第6章 【パンダ/ほのぼの甘】依依恋恋
パンダくんに告白したあの日から、早いもので1ヶ月以上が経ってしまった。
相変わらず私は実家の手芸屋を継ぐために、日々店主の母から商品管理や商売の心得、色々な知識を学んで頑張っていた。
パンダくんも休講などで空いた時間や休日は遊びに来てくれる。
交際を前提に友達から関係を築いているけれど、接してくれる態度は変わらぬまま、仕事で忙しい私を優しく見守ってくれる。
最近は店のマスコットキャラ的な扱いを受け、子供や御高齢の方も気軽にパンダくんに挨拶していく。
お客さんの間では、彼が人前で素顔を晒せない、極度の恥ずかしがり屋の着ぐるみお兄さんという設定が出来上がっていて、深く突っ込んでこないので助かっている。
「パンダくん、休憩しない?」
お客さんが途切れた昼下がり。
店のレジカウンターの後ろにあるデスクで、羊毛フェルトを針で刺しながら推しパンダ人形を作っている彼に声を掛ける。
東京の動物園にいる彼の推しパンダはアイドル級らしいが、私には個体同士の見分けがつかない。

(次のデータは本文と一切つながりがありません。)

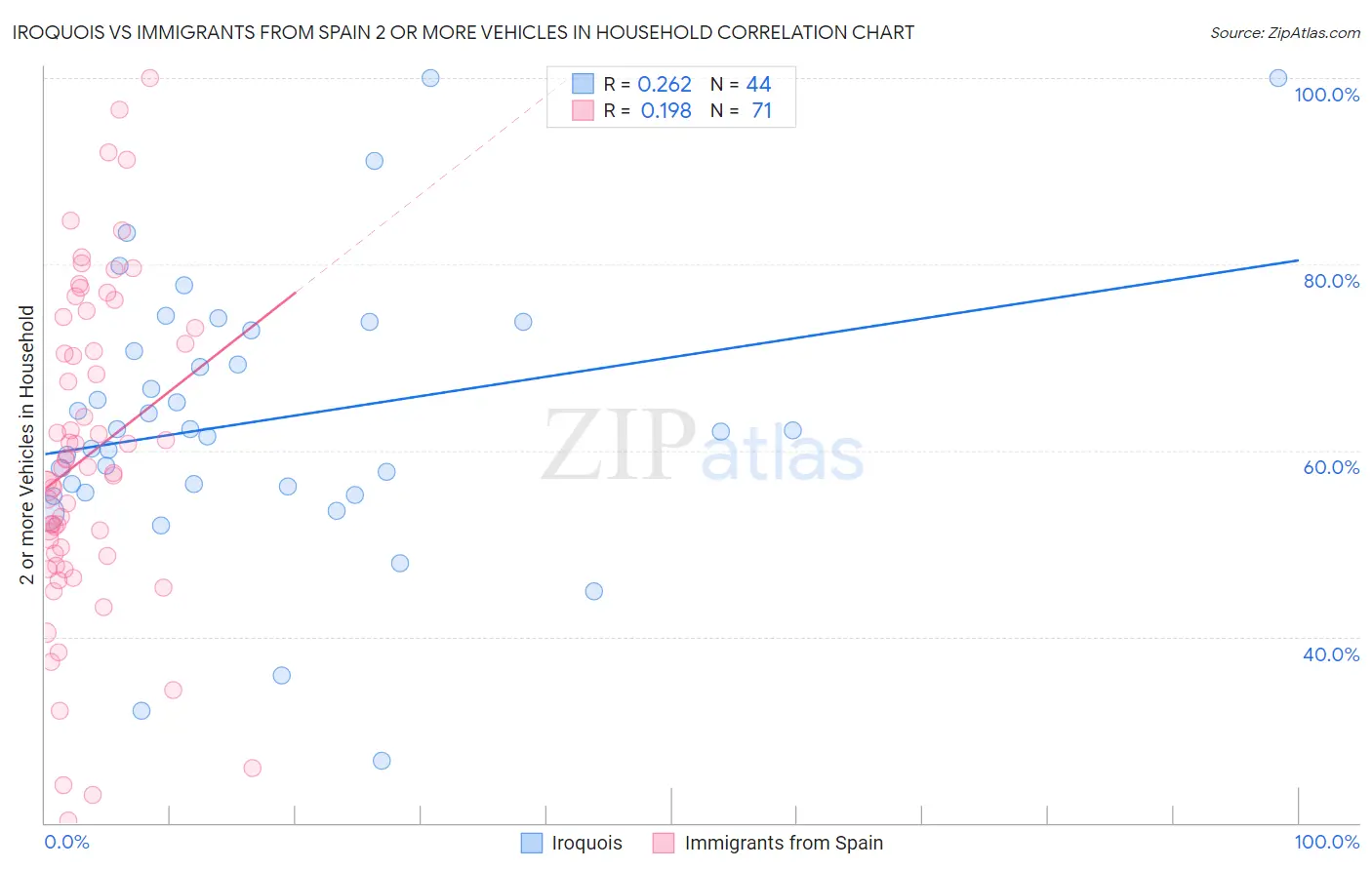 Iroquois vs Immigrants from Spain 2 or more Vehicles in Household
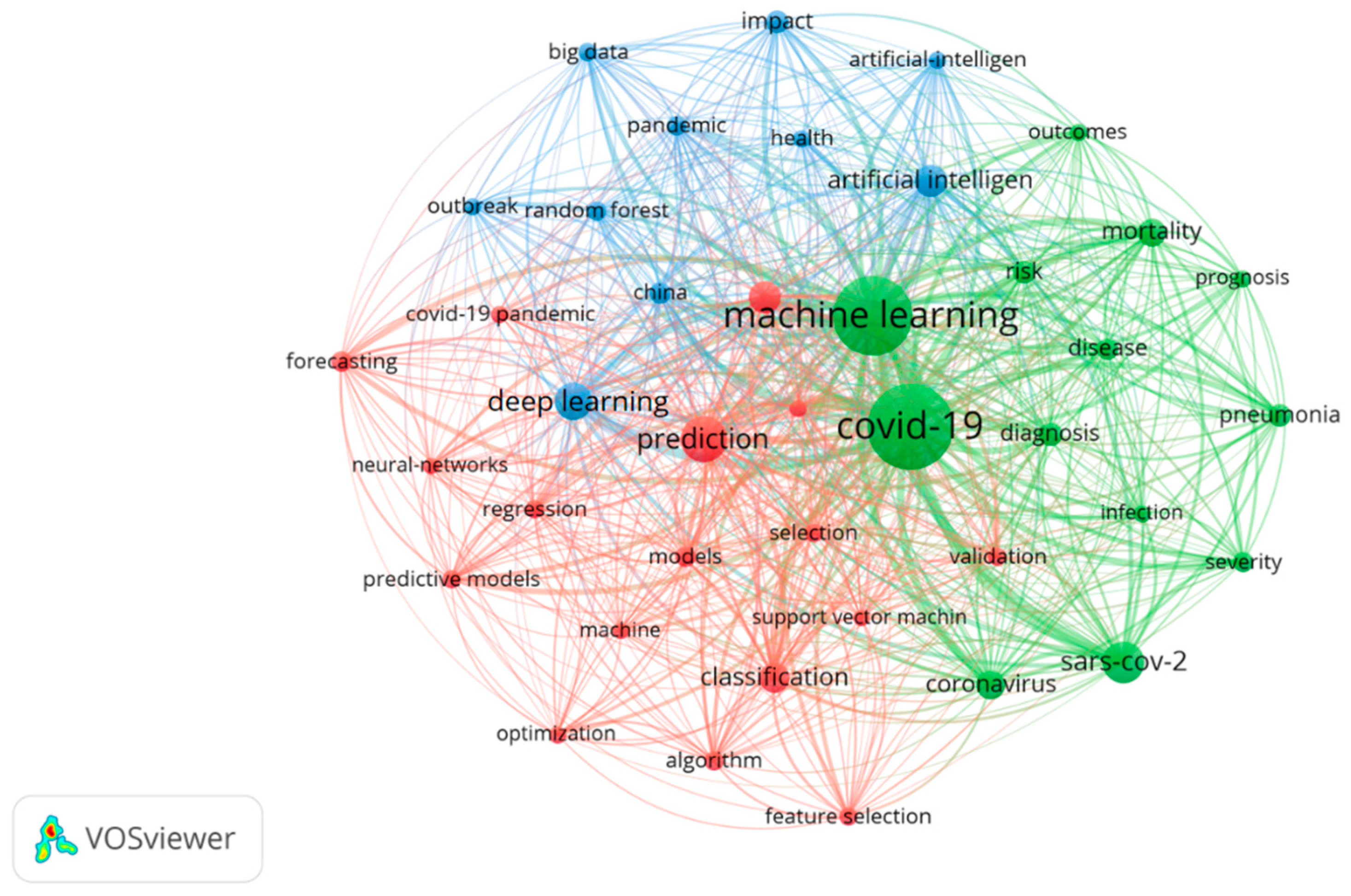 Information 15 00575 g007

私がお茶を淹れるか聞くと、「俺が淹れるぞ」と手を止めてスタッフの休憩室まで取りに行ってくれる。
「あ、今日のオヤツはカルパスだよ」
言いながら例のパンダ柄の箱を私が振ると、後ろからでも分かるほどパンダくんの耳がピクリと動いた。こちらを振り向いたので、箱を振りながら頷いてみる。
「ゆめ……緑茶だな!」
グッ、と親指を立てたのは、グッジョブ的なサインかな。好物を目にして急にテンションが上がるパンダくんも可愛い。
私は何も言ってないけど、彼のベストチョイスは緑茶なのか。
素早く緑茶を淹れた湯呑をお盆に載せて戻ってきたパンダくんに、早速カルパスを渡す。
「作業したあとのカルパスはカクベツだ」
カルパスの美味しさを噛み締めながら食すパンダくん。その様子に、用意してて良かったと緑茶を飲みながら私も微笑ましくなる。
普通のパンダは笹が大好きだが、私の目の前にいるパンダくんは笹じゃなくてカルパスがお好みらしい。
「パンダくんと動物園デート行きたいなぁ」
パンダくんの推しを是非見に行きたい。彼の心を奪うアイドルパンダをこの目でしかと見ておかねばならない。だが、そこでパンダくんの表情が曇った。